Tuesday, July 31, 2012

The Death of Sally Ride


The Death of Sally Ride

The death of Sally Ride last week caught me by surprise as it did many.  Her smiling face was frozen in an earlier time.  She had asked that people not talk about her battle with pancreatic cancer and her wishes were honored.  For those of us who knew her at a distance she will be forever young.

She also ought to be forever remembered. Her career reflects many if not most of the changes that have impacted the lives of American women over the last half-century.  We should read her story with unveiled appreciation. Here at MIT her life lies behind the evolutionary changes that have brought women to nearly half of the undergraduate student body.  It is no longer foolish to dream of a life in science if you are a girl.  We all owe a debt to Sally Ride.

She was fortunate to grow up in Southern California, the child of educators who valued learning and exploration.  Her parents were elders in their Presbyterian Church and her sister is a Presbyterian minister so the notion of “calling” would not have been foreign to her.  The exploration of space became her calling and that translated in later years to opening the doors of the world she knew to young women.

She went to the Westlake School for Girls in Los Angeles and there found a mentor, Dr. Elizabeth Mommaerts. When she became an astronaut she learned that she could not share her triumph with the good doctor for she had taken her own life. Instead Ride dedicated her first book to Dr. Mommaerts and to the fallen crew of the Challenger. Exploration is a dangerous business and the casualties are not all remembered.

For a time sport was a passion. She thought she might one day crack the line-up of the Los Angeles Dodgers and then she toyed with being a professional tennis player.  At Stanford she excelled at Physics, Astrophysics and English earning degrees in each. She chose to soar above the earth calling it “The most fun I’ll ever have in my life.”

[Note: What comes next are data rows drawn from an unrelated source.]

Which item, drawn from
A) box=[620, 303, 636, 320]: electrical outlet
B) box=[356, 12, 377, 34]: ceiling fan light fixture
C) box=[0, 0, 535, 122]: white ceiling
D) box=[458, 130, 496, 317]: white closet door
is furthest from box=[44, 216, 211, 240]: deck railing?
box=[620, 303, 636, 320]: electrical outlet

She was a role model for many, a woman who shattered glass ceilings and left a legacy of accomplishment marked by personal privacy. Her life partner was a woman, her work was to encourage young women to pursue their interest in science and the sky was the limit. She showed us how to reach for it. It is seldom in the trajectory of one life we can see so much change unfold but her life is an encouraging tale reminding us that individuals do make a difference. Read her story and be reminded on whose courageous shoulders we stand.